Why Are So Many Toys Vulnerable to Hacking?
I keep hoping we’ve reached peak vulnerable gadgets, only to hear about another unsecured device. Toys in particular continue being exposed as privacy and security nightmares that anyone with a slight desire to investigate can uncover. This week in toy privacy nightmares, a company called Spiral Toys was found to have exposed 800,000 user account credentials online, as well as 2 million voice message recordings.
The company’s CloudPets line, which includes internet-connected teddy bears, stored user credentials in a database that wasn’t secured by a password or behind a firewall. Security researchers discovered the MongoDB through Shodan, a search engine for finding vulnerable websites and servers. Their work was independently verified by Motherboard. Of course, if security researchers found that database, it’s entirely possible — and likely — malicious actors did as well.
CloudPets is only another name in a long line of vulnerable connected toys, including the Cayla doll, Hello Barbie, and toys from VTech. At this point, unsecured gadgets and toys are routine, which might have you asking why it’s so difficult to build a secure, connected device. The reasons vary, but for the most part, it has to do with money and hurried approaches to security.
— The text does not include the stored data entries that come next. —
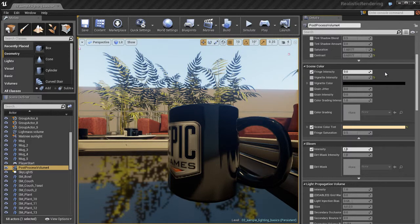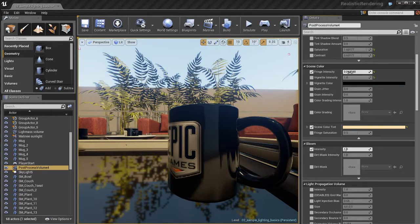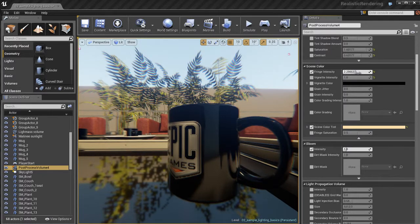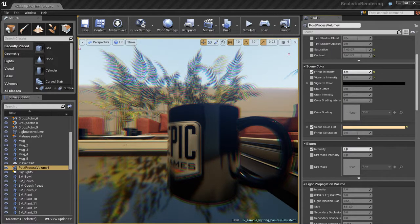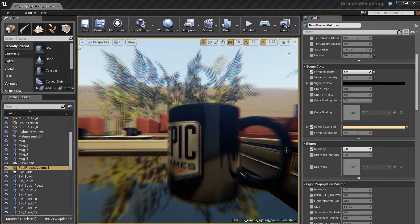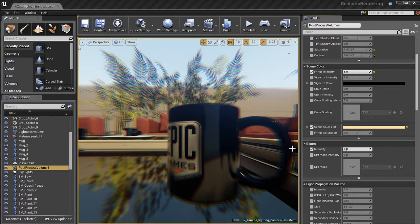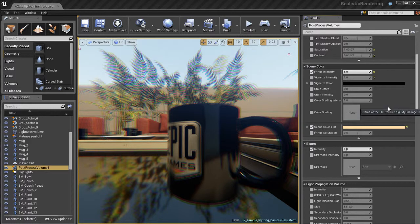Up here we have fringe intensity. And it's off by default but if I increase it what you start to see is this really cool blurring around the edges of the screen. And for some of you familiar with rendering with things like mental ray or V-ray or working in the film industry or have any experience in that, you'll probably recognize this. This is chromatic aberration.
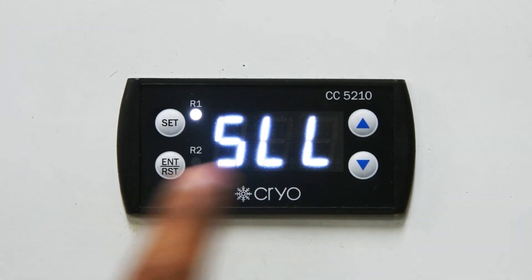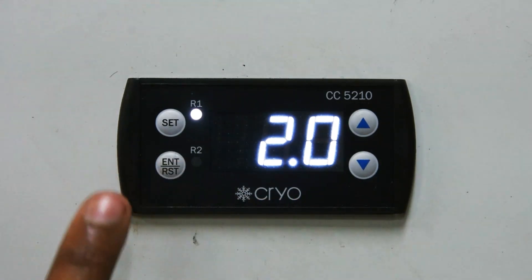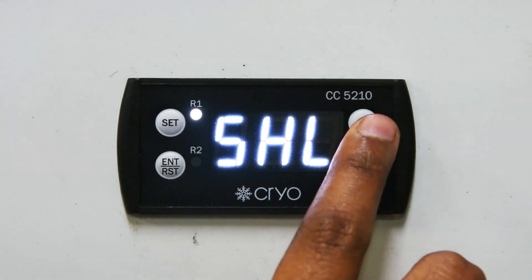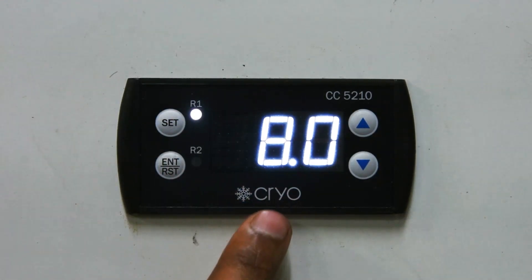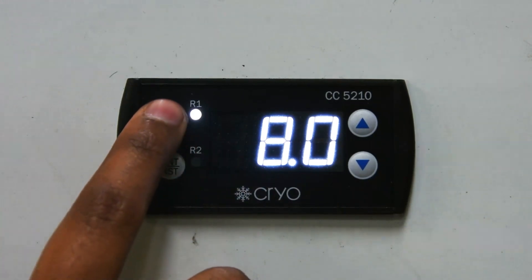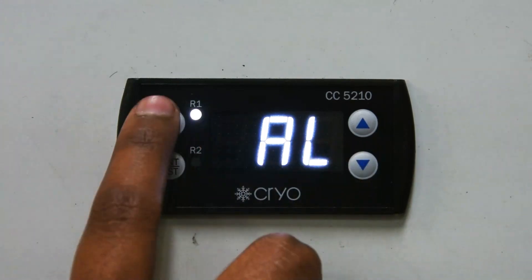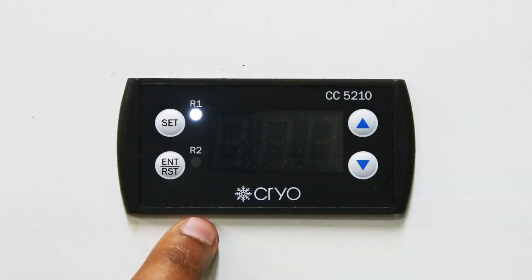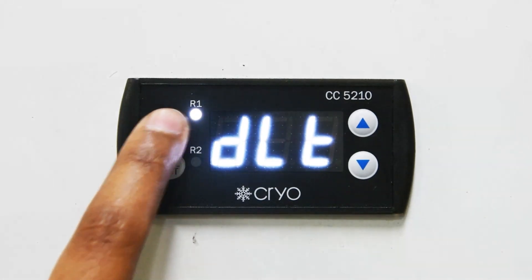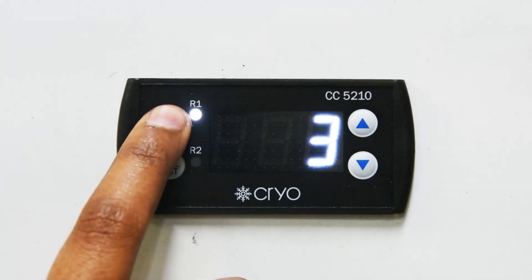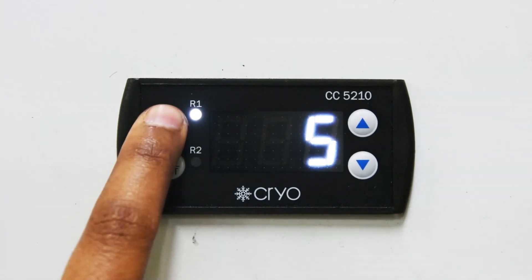The first parameter is SLL — Set Low alarm Limit — which should be 2. Next is SHL — Set High alarm Limit — which should be 8. Next is AL, and that setting should be HL. Next is the delay parameter DLT, which should be 3. Next is alarm time ALT, which should be 5.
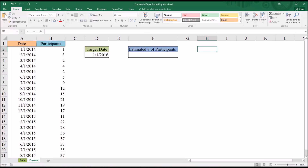Hello, this is Dr. Grande. Welcome to my video on using Exponential Triple Smoothing in Excel. In this demonstration, I'll be using the FORECAST.ETS function in Excel, which was first available in Excel 2016.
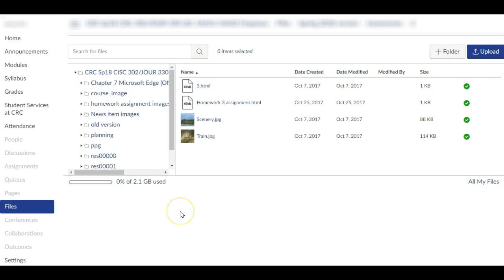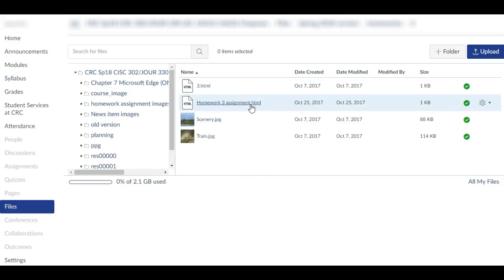To fix this, the instructor can go to the Files tool, find the file that is attached to the assignment.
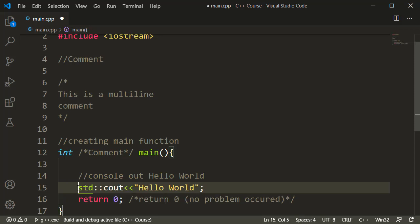When you work with a lot of programmers, please delete the line from the comments. If you want to share a lot of comments, you can share them.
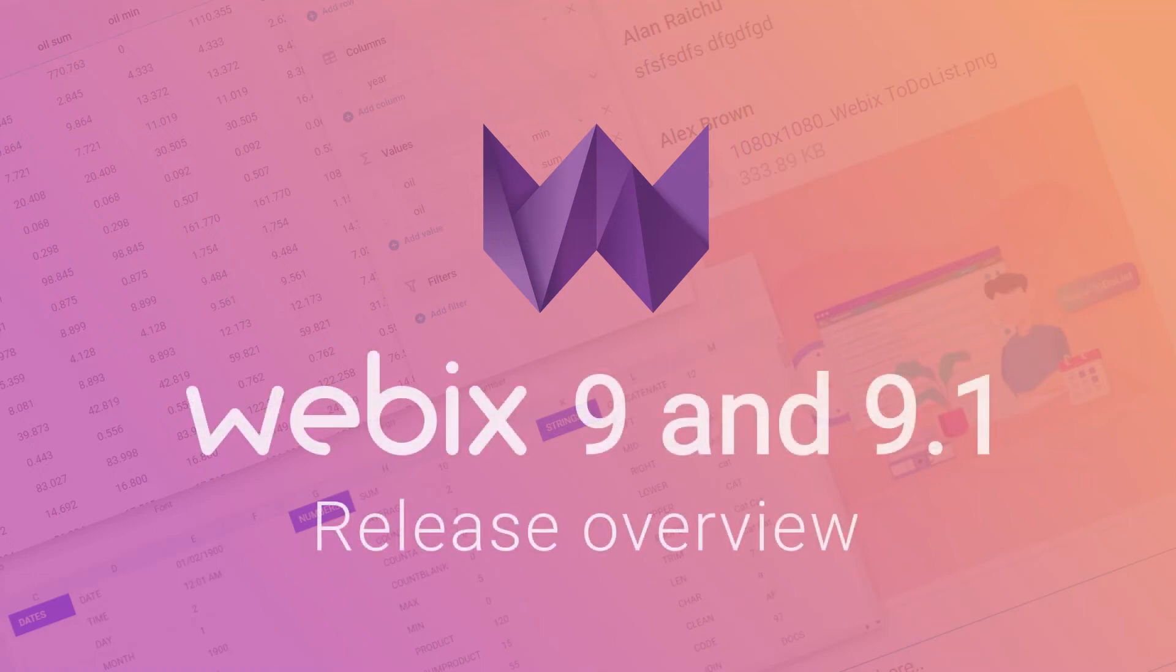Welcome to the WebEx world of high-speed web development with our JavaScript UI library. Let's see what's new in version 9 and 9.1.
As I’ve written before about connected gadgets, building something secure isn’t easy. It requires a dedicated team who knows what they’re doing, money to pay those people, and thoughtful consideration. In CloudPets’ case, its parent company is floundering financially. Security researcher Troy Hunt, who exposed the database, notes that it’s worth less than half a cent per share. This also might explain why the company didn’t respond to repeated requests for comment from both Hunt and Motherboard.
In other cases, like Hello Barbie, it isn’t so much that the doll wasn’t secure but that a toy company (Mattel) collected massive amounts of data on kids. That might be fiscally advantageous, but it certainly isn’t reassuring for parents. As Hunt writes in his blog post: “It only takes one little mistake on behalf of the data custodian – such as misconfiguring the database security – and every single piece of data they hold on you and your family can be in the public domain in mere minutes.”
The good news is that these toys do require parental permission to start collecting data. Typically that’s provided through a companion smartphone app. When buying a toy, parents should read privacy policies carefully and figure out what data the company retains. Do they sell it to third parties? Does it stay local on the device?
Connected toys carry appeal: they can interact with your kid, provide information, and generally sound like cool ideas. But they introduce a range of risks compared to regular toys. Is a talking Barbie or interactive teddy bear really worth it?